Show that the second derivative $\Gamma''(x)$ is positive when $x>0$

Question

Let $\Gamma(x)=\int_0^{\infty}t^{z-1}e^{-t}dt$.

I know that the first derivative is positive, since $\Gamma(x)$ is increasing when $x>0$, but I don't know how to show that the second derivative is positive without calculating it, something which we have not yet learned to do.

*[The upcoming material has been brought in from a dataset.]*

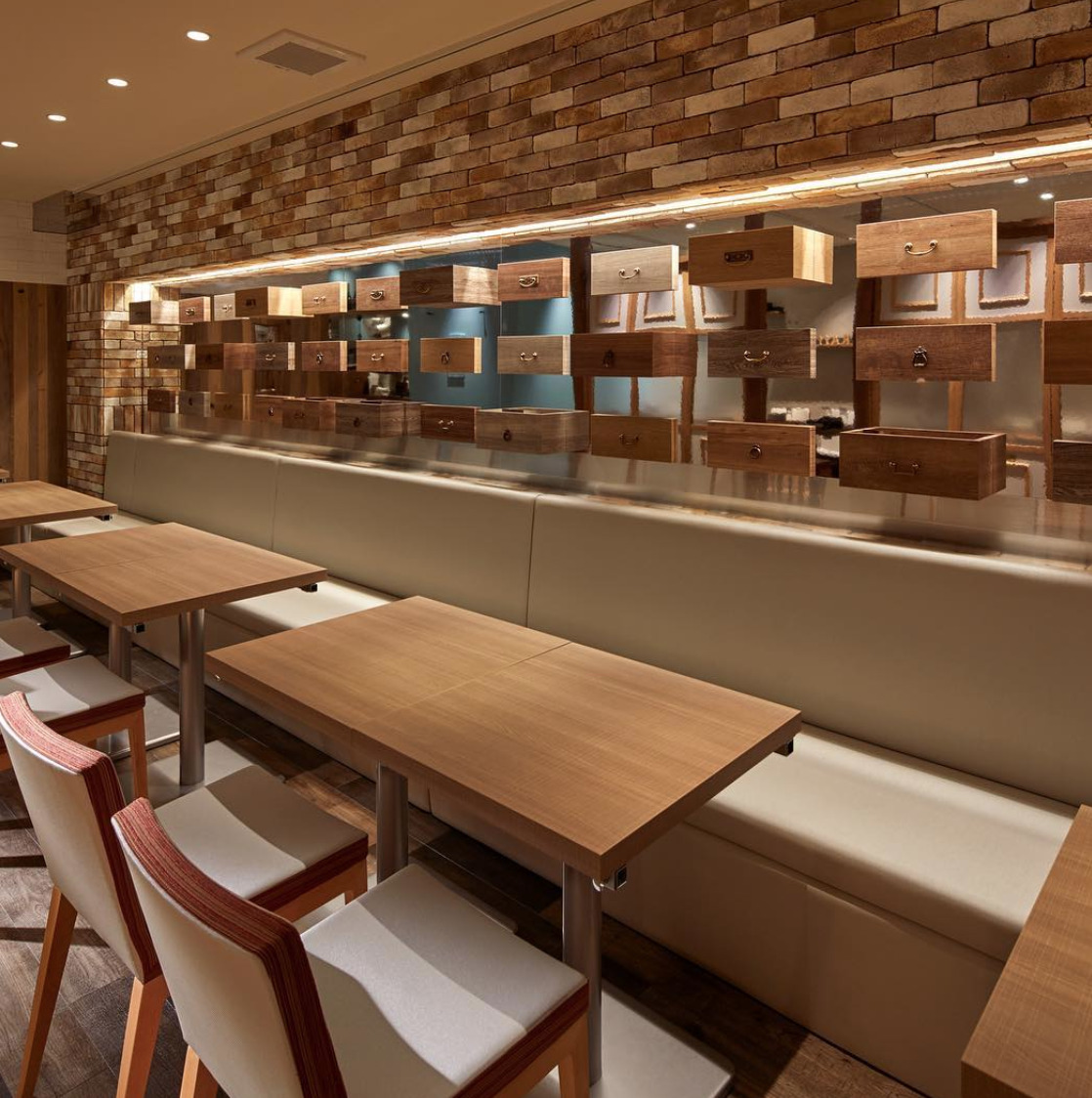 名古屋駅新幹線の北口と南口に違いはある？自由席なら北口、スタバがあるのは南口！Something Plus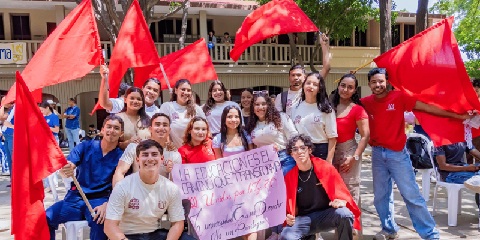 Estudiantes de Unimagdalena celebran aprobación de la Reforma a la Ley 30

Plotting out $x!$ shows that $\Gamma$ is concave up, and has a positive second derivative, but I don't know how to formulate a formal proof.

Would it suffice to say $\Gamma(x+2)-\Gamma(x+1)>\Gamma(x+1)-\Gamma(x)$, $\forall x>0$, and $\Gamma$ is increasing at an increasing rate?

Answer 1

If you define $$\Gamma(x) = \int_0^\infty t^{x-1} e^{-t}\; dt$$ then $$\Gamma''(x) = \int_0^\infty t^{x-1} \ln(t)^2 e^{-t}\; dt > 0$$

BTW, it's not true that $\Gamma'(x) > 0$ for $x > 0$. $\Gamma$ has a minimum at approximately $1.4616321449683623413$.

Answer 2

We know that $\log\Gamma(x)$ is convex on $\mathbb{R}^+$ due to the Bohr-Mollerup theorem.

So $\Gamma(x)$ is a convex function on $\mathbb{R}^+$ as the exponential of a convex function, and $\Gamma''(x)\geq 0$.